İstanbul Sözleşmesinin ev içi şiddet, toplumsal cinsiyet ayrımcılığı gibi sorunların çözümüne odaklanan bir dizi önlemlerden oluştuğunu söyleyen CHP’li Kaplan, “Ülkemizde her gün en az bir kadın cinayeti işleniyor. Vatandaşın can ve mal güvenliği devletinin sorumluluğundadır.
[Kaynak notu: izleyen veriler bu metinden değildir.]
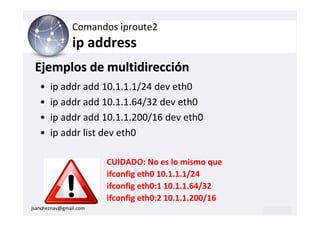 Comandos iproute2
                ip address
 Ejemplos de multidirección
   •   ip addr add 10.1.1.1/24 dev eth0
   •   ip addr add 10.1.1.64/32 dev eth0
   •   ip addr add 10.1.1.200/16 dev eth0
   •   ip addr list dev eth0

                        CUIDADO: No es lo mismo que
                        ifconfig eth0 10.1.1.1/24
                        ifconfig eth0:1 10.1.1.64/32
                        ifconfig eth0:2 10.1.1.200/16
jsancheznav@gmail.com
Bu konuda yetersiz olduğuna karar verilen ülkemiz için İstanbul Sözleşmesi ile şiddet mağduru olan kadın ve çocukların güvenliği konusunda devletin sorumluluklarını netleştirerek uygulanabilirliği arttırmak amaçlanmıştır” dedi. İstanbul Sözleşmesinin çarpıtıldığını söyleyen Kaplan, sözleşmenin içeriği hakkında bir algı yönetimi söz konusu ve çarpıtılıyor.
İstanbul Sözleşmesinin devlete yüklediği sorumluluklar özetle şöyle;
Şiddete uğrayan kadınların güvende olması için yeterli sayıda sığınma evi açmak
Günün her saati ücretsiz telefon yardım desteği vermek
Şiddet mağdurlarına soruşturma ve kovuşturma evrelerinde koruma tedbirlerinden yararlanmaları sağlamak
Şiddet mağduru kadın ve çocukların psikolojik ve hukuki danışmanlığın yanı sıra tıbbi yardım da sağlamak
Gelenek, töre ve namus gibi kavramların herhangi bir şiddet eyleminin bahanesi ya da gerekçesi olarak gösterilmesi ve bu sebeple ceza indirimine gidilmesini engellemek
Eğitimin her kademesinde eşitliği ele alan konuları ders müfredatına eklemek
İSTANBUL SÖZLEŞMESİ UYGULANMALIDIR
CHP’li Milletvekili İrfan Kaplan sözlerine şöyle devam etti; “İstanbul Sözleşmesi iddia edildiği gibi aile yapısını bozan bir sözleşme değildir. Aksine aile bireylerinin ilişkilerini insan hakları çerçevesinde düzenleyen, gerekli hallerde dezavantajlı olan bireylerin devlet tarafından korunma altına alınmasını dolayısıyla olası bir cinayeti ya da şiddet eylemini önlemeyi amaçlayan bir sözleşmedir. Ve ülkemizde gerekliliği her geçen gün daha da artmaktadır. İstanbul Sözleşmesi uygulanmalı; çünkü İstanbul Sözleşmesi yaşatır.”